Modern development - Bloomberg: Of monoliths and meshes
This series is devoted to examining the leading trends that go towards defining the shape of modern software application development.
As we have initially discussed here, with so many new platform-level changes now playing out across the technology landscape, how should we think about the cloud-native, open-compliant, mobile-first, Agile-enriched, AI-fuelled, bot-filled world of coding and how do these forces now come together to create the new world of modern programming?
This contribution comes from Peter Wainwright in his role as senior engineer and author with the Developer Experience (DevX) team at Bloomberg, which develops the tools and processes the company’s 6,000+ software engineers use to manage its codebase.
The Bloomberg Terminal delivers an array of information, news and analytics to facilitate financial decision-making by professionals across the global capital markets.
It includes tens of thousands of different applications, from market information displays with very low latency, to analytic calculations for financial instruments and trading solutions that oversee the whole lifecycle of a trade.
The backend of all those apps often also serve enterprise use cases via APIs.
Bloomberg’s core backend has traditionally been composed of a few monolithic binaries and they still offer some advantages. Because of this, the development team has taken a hybrid approach to integrating service meshes into its infrastructure.
Wainwright writes to explain how…
The mega-monoliths (referenced above) are mostly C++ and code from thousands of developers is pulled into them.
They have a weekly cycle, with release branches that spawn at set times, each the start of a new release cycle — you might call this a ‘monoschedule.’ It is, quite deliberately, not very flexible.
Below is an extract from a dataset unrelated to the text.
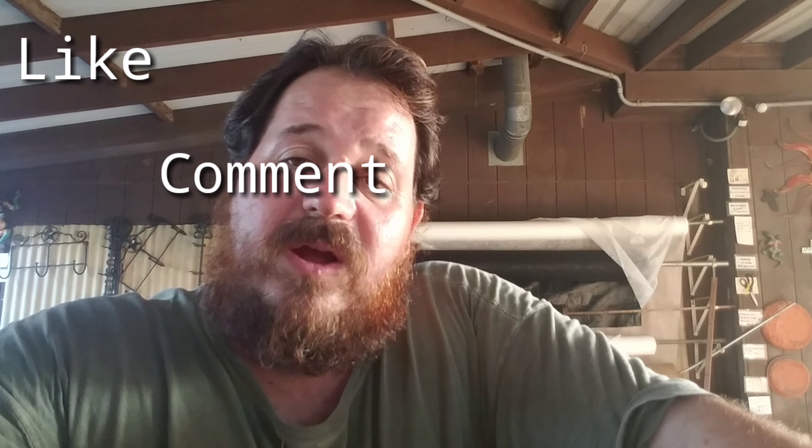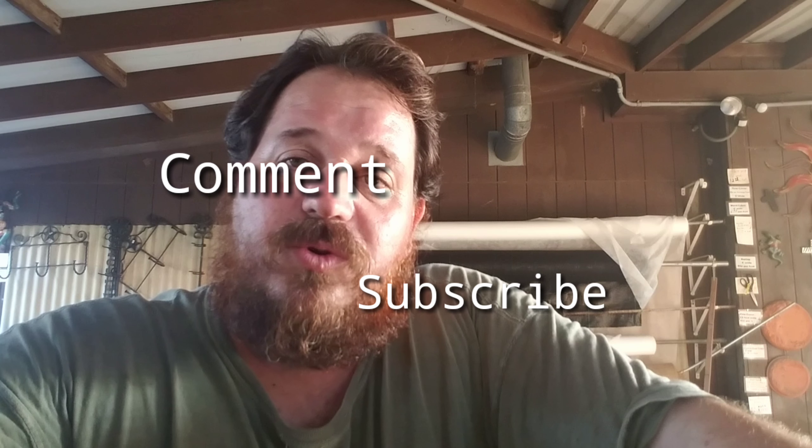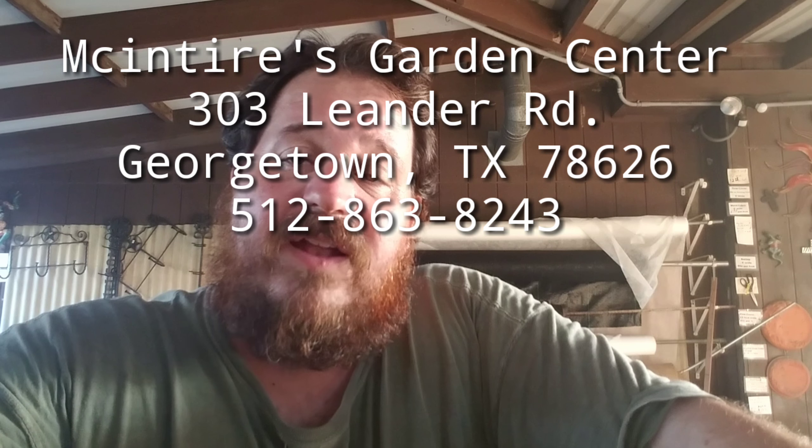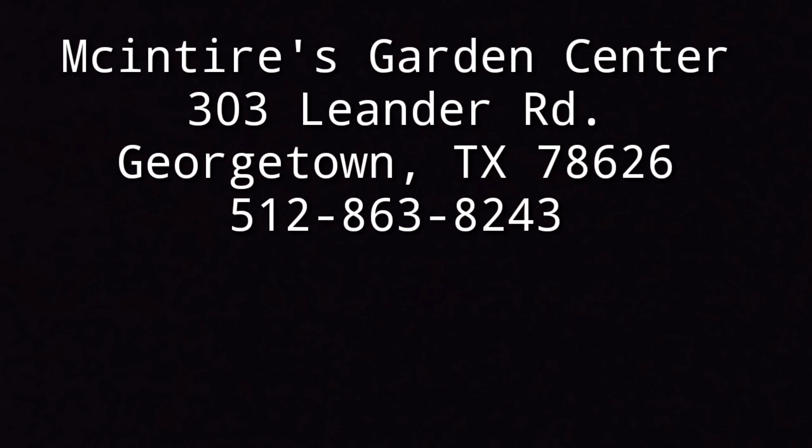Thank you all for watching. This is Zach with McIntyre's Garden Center. We are at 303 Leander Road in Georgetown, Texas. You can call us at 512-863-8243.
Deployment is slow but simple. Everyone knows the social contract to get changes submitted, testing completed and any needed fixes in. It works well, because it is predictable.
To counter the inflexibility of the ‘monoschedule,’ feature toggles allow changes to be flipped without interrupting users’ sessions — per customer, if required.
We first started building service meshes almost as an afterthought. If monolithic services are so great, why change?
Our services scale very well, up to the hardware’s limits. But they can’t scale further unless we deploy new hardware. Plus,you can’t do that on a moment’s notice. Our customers need us most when market activity peaks and handling the load is exactly the point.
Monoliths mean that high-traffic functions are deployed with the same mechanisms and priority as low-traffic ones. As we added more features, the different priorities among teams meant an increasing demand for special cases and exceptions, all of which had to be tracked.
We found that some analytics scaled better if we extracted them into services and just had the monolith route traffic to them. This solved the impedance mismatch the monolith created between teams and it brought the added advantages that we could deploy changes more rapidly. Because analyses often query one another, a mesh naturally started to develop
You might think the biggest challenge here is the migration from monolithic applications to isolated containerised microservices, but it really isn’t. Migrating a routine to a service often was easy. However, as more moving pieces were introduced, we had to invest in our tooling and our culture, too.
Replacing in-process calls with service calls introduces potential latency, timeouts and queueing issues. More subtly, service meshes are harder for engineers to reason about. These were problems they’d never had to consider before, let alone solve.
One solution to the cognitive load problem is distributed trace. This allows an engineer to see all a service’s dependencies. Almost as important, downstream services can be aware of which upstream services rely on them.
A prime example is our company-wide “securities field computation service.” Calculations around the universe of securities can take place in many places. Knowing where to route requests for such computations is non-trivial, so we use a sort of smart proxy that becomes a “black box” router for requests.
Services provide data for requests without needing to know who’s asking. Unfortunately, this presents an obstacle when there are performance problems. Distributed trace restores visibility into “who I am calling” and “who is calling me” that the monolith previously gave engineers implicitly.
Safety at speed
To ensure engineers could focus on their applications, we built scalable platforms using open source solutions like Kubernetes, Redis, Kafka and Chef. Developers can use turnkey infrastructure for the heavy lifting and drop in their application code.
Since services work similarly, testing is easier. Instead of bundling changes on a fixed schedule, better testing enables us to make changes more rapidly. Changes are smaller, so there’s less that can go wrong and mitigation is simpler.
This is often framed in technical terms — defect rates, error budgets and the like. But the real benefit is psychological. Teams confident that their tools have their back will make more progress in a shorter time. That means we deliver more value to our customers faster.
Porting everything from a monolithic architecture is expensive, risky and also unnecessary. For functions that lack scalability concerns, there’s no reason to convert to a service-oriented architecture just because it’s trendy. We still have the monoliths and their weekly cycle. But they’ve evolved into services themselves.
The hybrid approach has worked well for us, by migrating only when the benefit justifies the increased complexity. We addressed engineers’ increased cognitive burden by investing in better visibility. In the end, it’s not about scaling our applications. It’s about scaling our engineers.